Task prompt: Once "Este es el alcalde" turns up in a line below, reproduce that line and those after it exactly, stopping after the line with "Hot Wheels La"; leave pictures out.
───── Data records
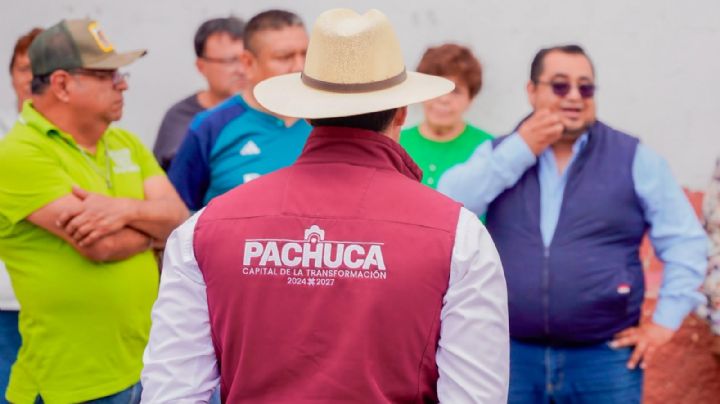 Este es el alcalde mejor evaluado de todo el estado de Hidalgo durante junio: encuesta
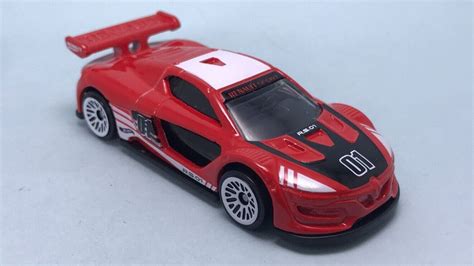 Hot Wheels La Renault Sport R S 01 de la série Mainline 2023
──────────
───── Data records
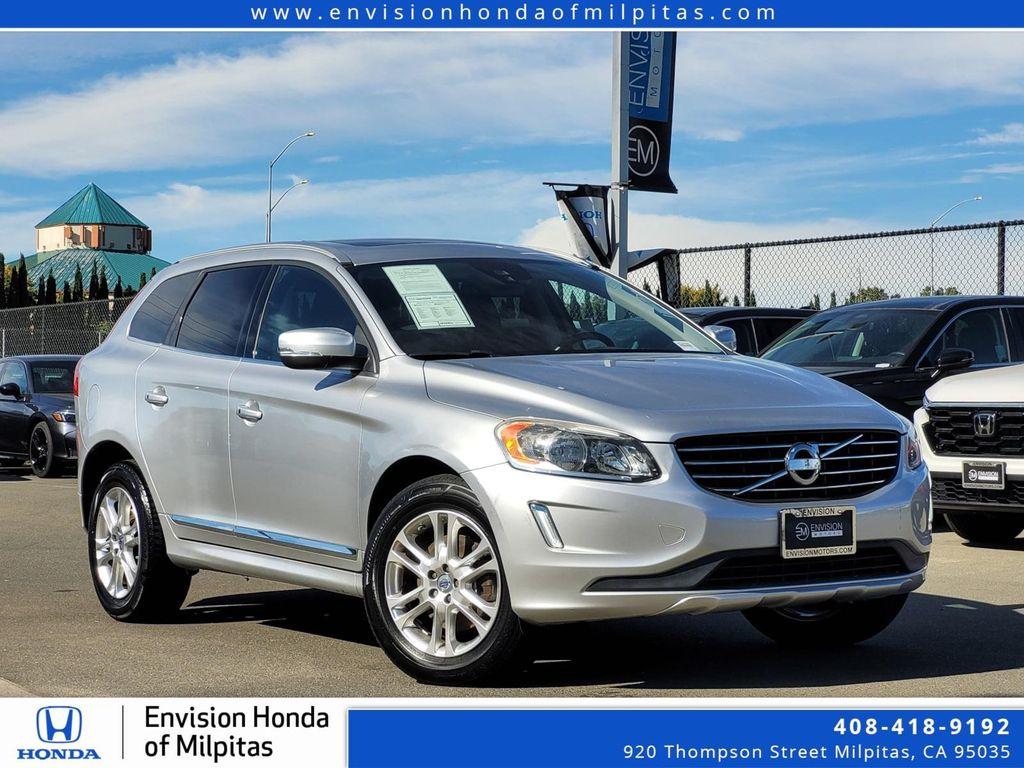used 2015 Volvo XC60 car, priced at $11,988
──────────
Solution to the exercise:
 Este es el alcalde mejor evaluado de todo el estado de Hidalgo durante junio: encuesta
 Hot Wheels La Renault Sport R S 01 de la série Mainline 2023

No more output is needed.